> DATASET RECORDS
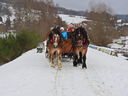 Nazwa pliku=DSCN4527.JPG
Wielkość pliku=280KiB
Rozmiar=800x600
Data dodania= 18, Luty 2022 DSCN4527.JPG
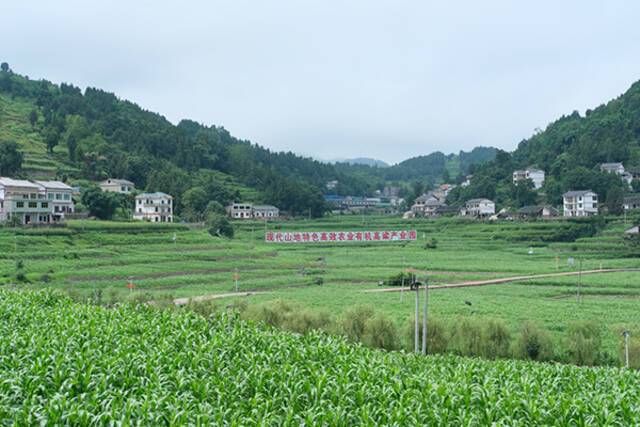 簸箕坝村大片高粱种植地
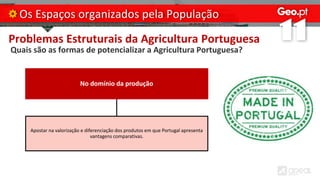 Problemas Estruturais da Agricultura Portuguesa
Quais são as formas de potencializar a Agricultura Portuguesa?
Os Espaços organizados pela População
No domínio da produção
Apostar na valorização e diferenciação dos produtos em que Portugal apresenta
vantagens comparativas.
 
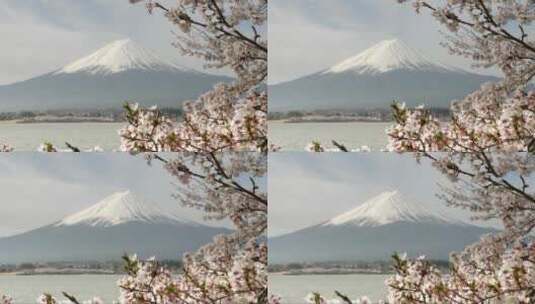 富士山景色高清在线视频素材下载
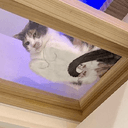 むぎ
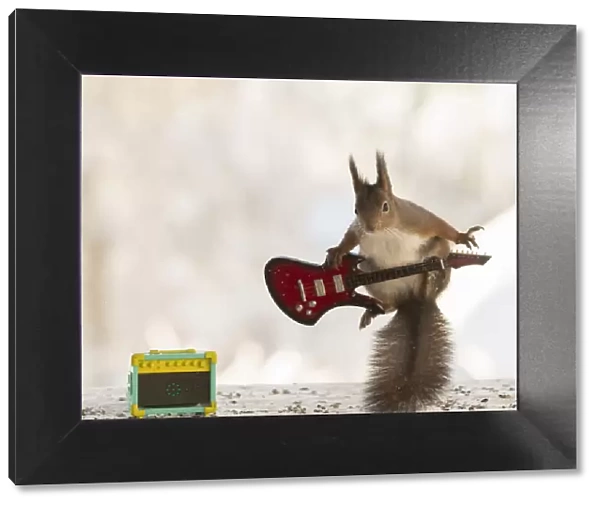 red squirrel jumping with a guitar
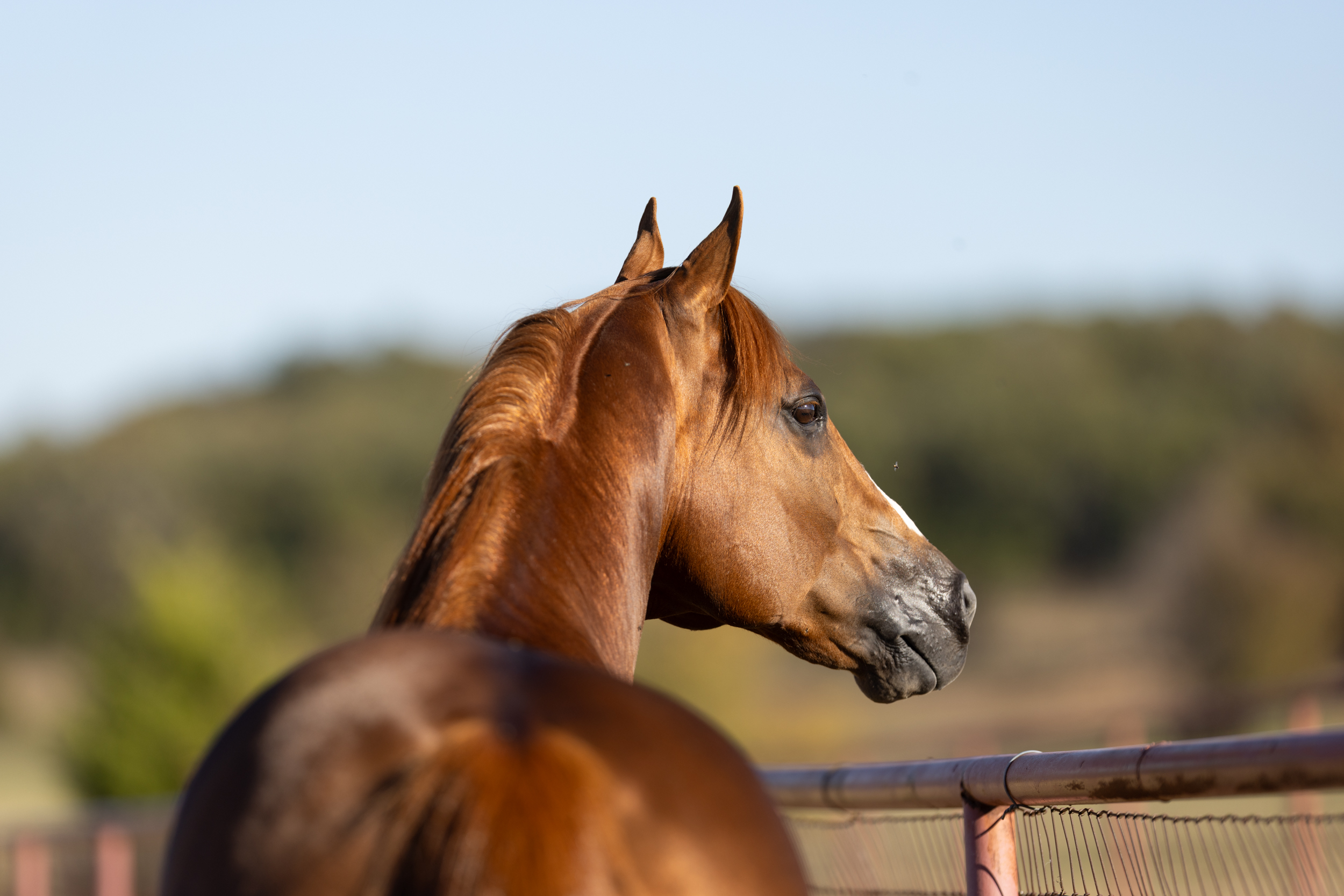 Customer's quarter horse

==

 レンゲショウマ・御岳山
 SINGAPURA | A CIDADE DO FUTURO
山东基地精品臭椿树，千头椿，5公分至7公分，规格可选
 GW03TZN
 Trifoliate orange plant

> TASK INSTRUCTIONS
Output the material above exactly, but only from the line that carries "レンゲショウマ・御岳山" through the line that carries "Trifoliate orange plant".

> EXERCISE OUTPUT
 レンゲショウマ・御岳山
 SINGAPURA | A CIDADE DO FUTURO
山东基地精品臭椿树，千头椿，5公分至7公分，规格可选
 GW03TZN
 Trifoliate orange plant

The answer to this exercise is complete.